* **Aim of the exercise**
All entries below are to be reproduced precisely as they stand, without the pictures.

* **Captioned web image data**

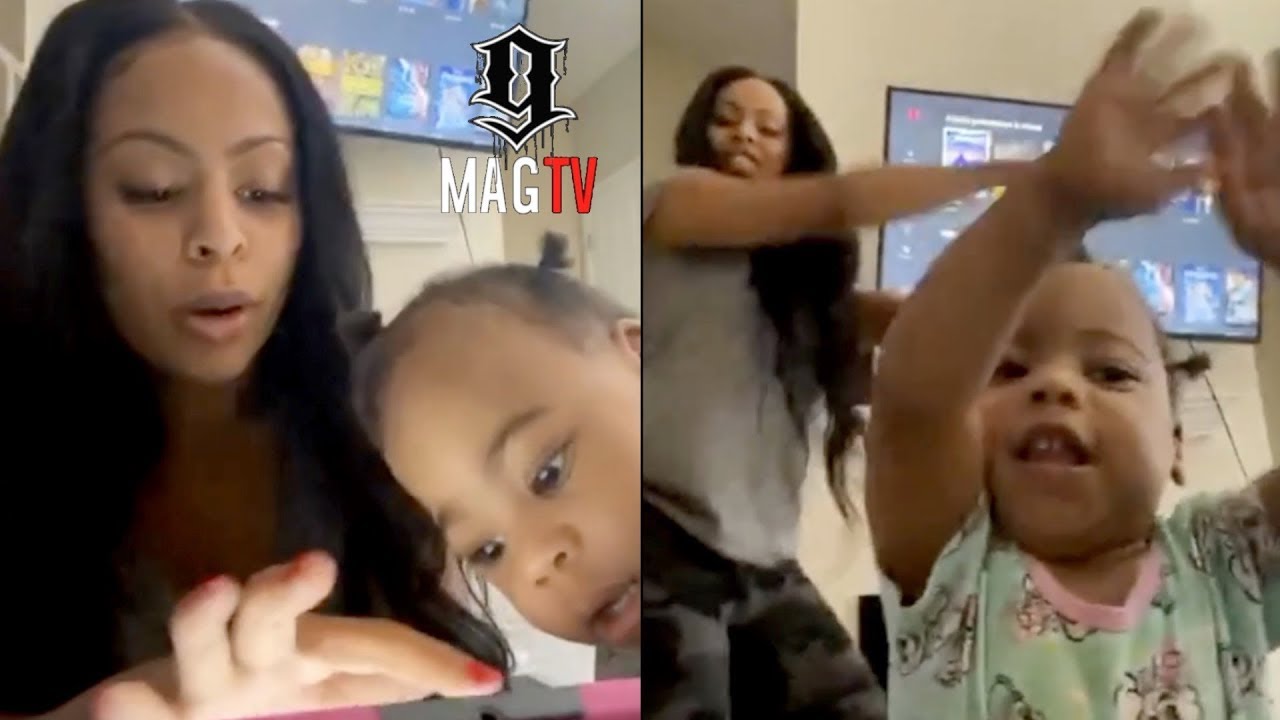 Alexis Skyy Teaches Daughter Alaiya "TikTok" Dances!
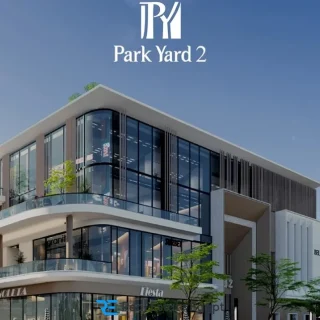 At an attractive price a 90m shop in Park Yard 2 Mall 6th of October City with a great view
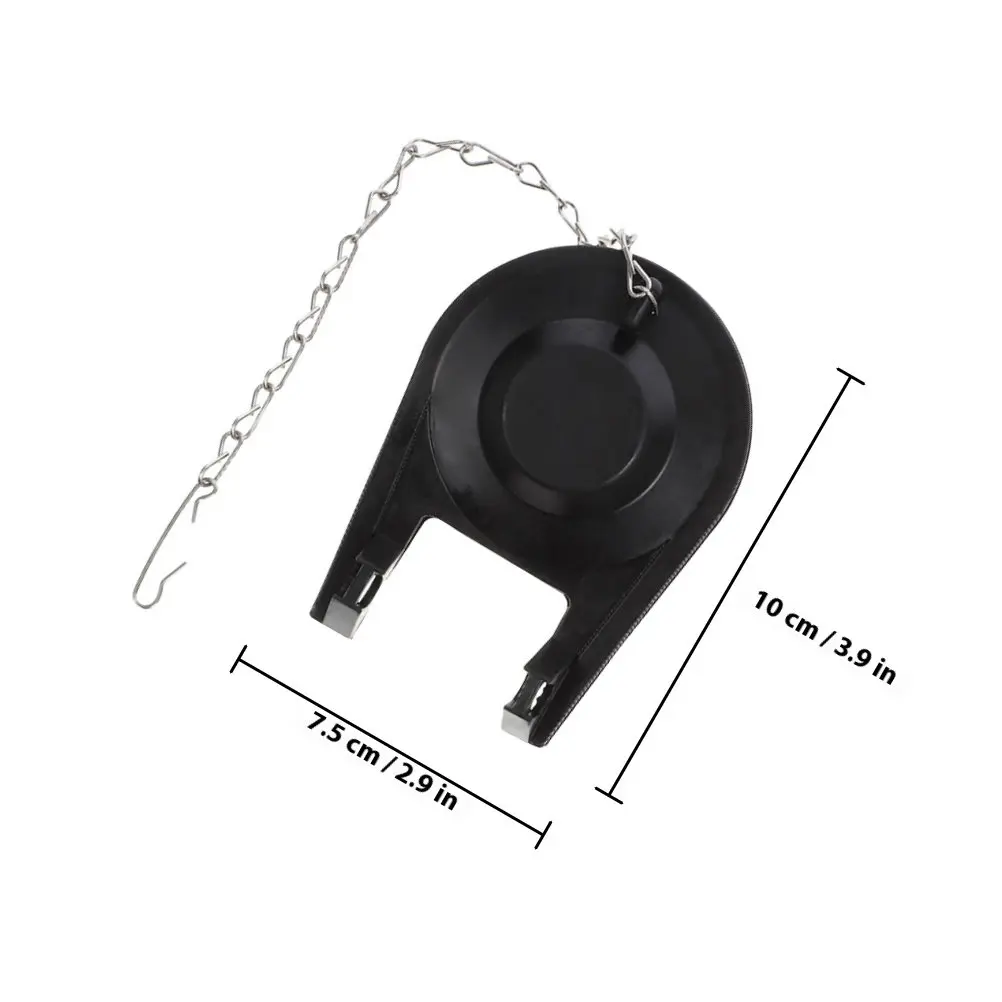4Pcs Universal Rubber Toilet Flapper Replacement Kit American Style Leak Proof Valve for Toilet Tank Repair Maintenance Water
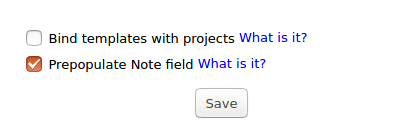 Prepopulate Note field option in Time Tracker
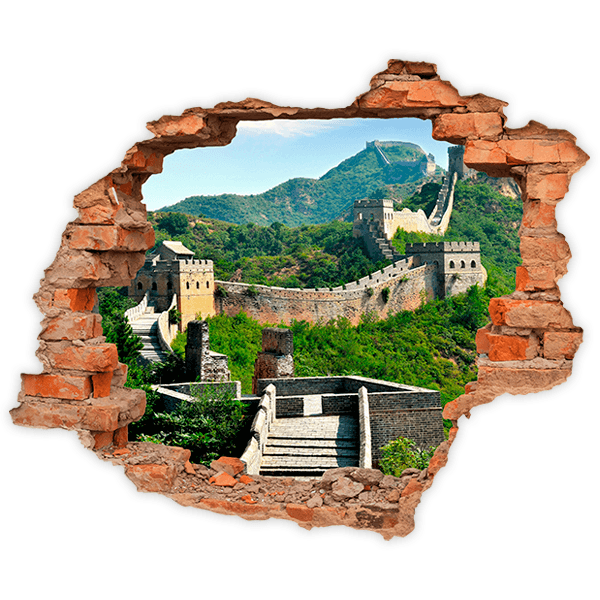 Stickers muraux: Trou Grande Muraille de Chine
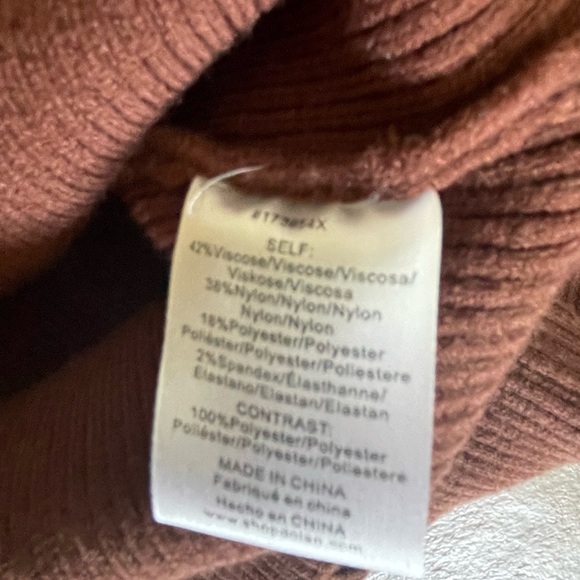 Anthropologie  Dolan Sheer Animal Print Puff-Sleeve Brown Sweater Size 3X - Picture 11 of 11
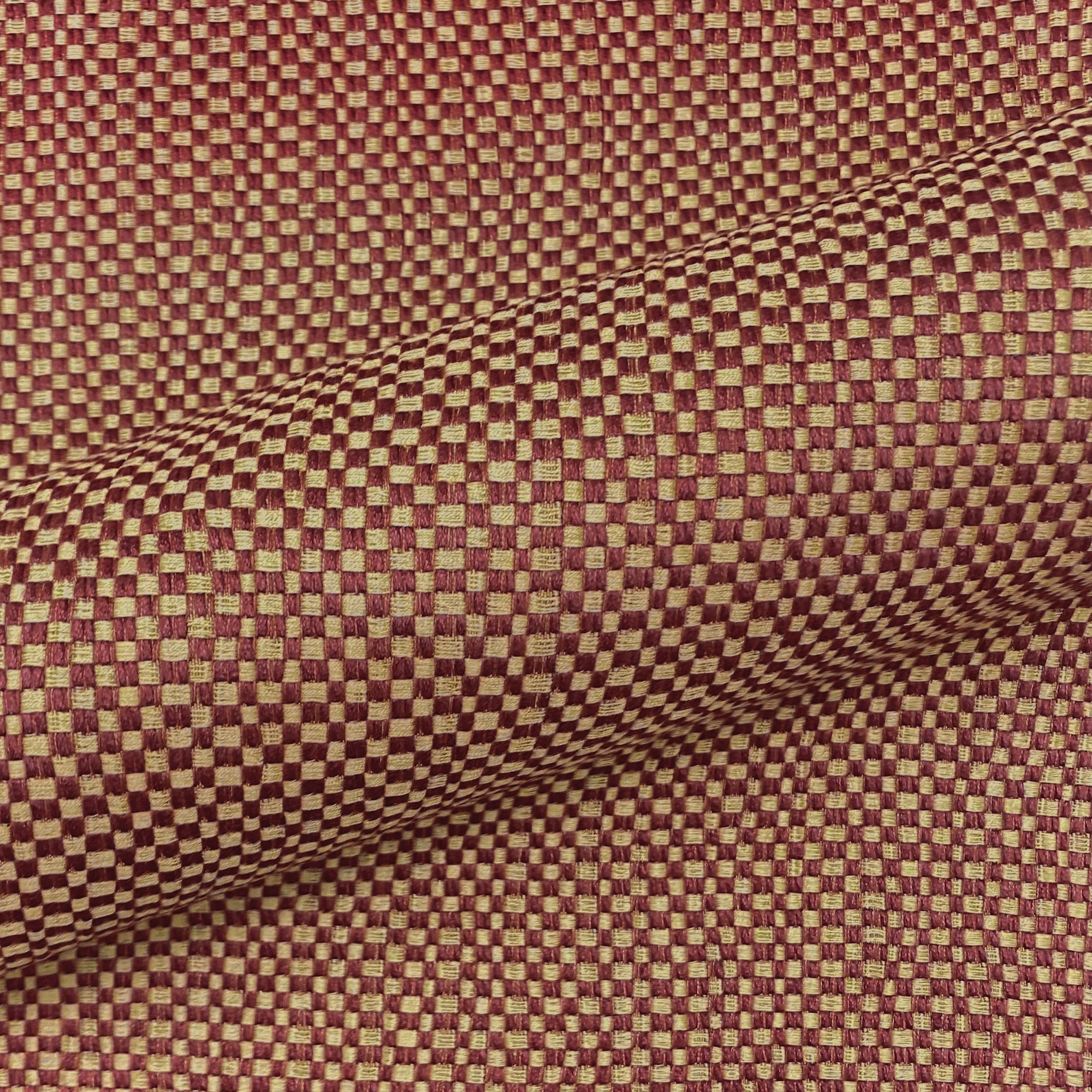 Quadrato Merlot Woven Upholstery Fabric 54"
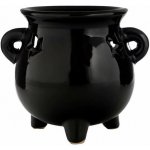 Nefertitis aroma lampa keramická Černý kotlík NF59795 cca 11,5 x 10 cm – Zboží Dáma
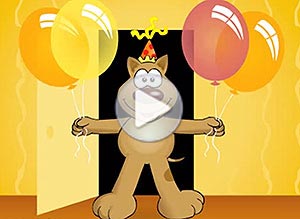 Imagen de Birthday para compartir gratis. Since I can't be there�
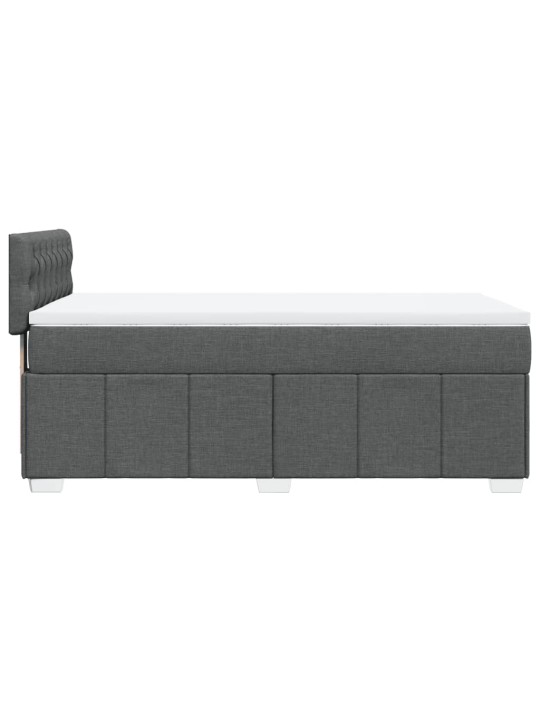 Box spring postel s matrací tmavě šedá 80 x 200 cm textil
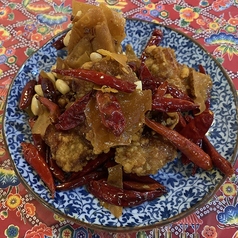 辣子鶏(鶏のトウガラシ炒め)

* **Solution**
 Alexis Skyy Teaches Daughter Alaiya "TikTok" Dances!
 At an attractive price a 90m shop in Park Yard 2 Mall 6th of October City with a great view
4Pcs Universal Rubber Toilet Flapper Replacement Kit American Style Leak Proof Valve for Toilet Tank Repair Maintenance Water
 Prepopulate Note field option in Time Tracker
 Stickers muraux: Trou Grande Muraille de Chine
 Anthropologie  Dolan Sheer Animal Print Puff-Sleeve Brown Sweater Size 3X - Picture 11 of 11
 Quadrato Merlot Woven Upholstery Fabric 54"
 Nefertitis aroma lampa keramická Černý kotlík NF59795 cca 11,5 x 10 cm – Zboží Dáma
 Imagen de Birthday para compartir gratis. Since I can't be there�
 Box spring postel s matrací tmavě šedá 80 x 200 cm textil
 辣子鶏(鶏のトウガラシ炒め)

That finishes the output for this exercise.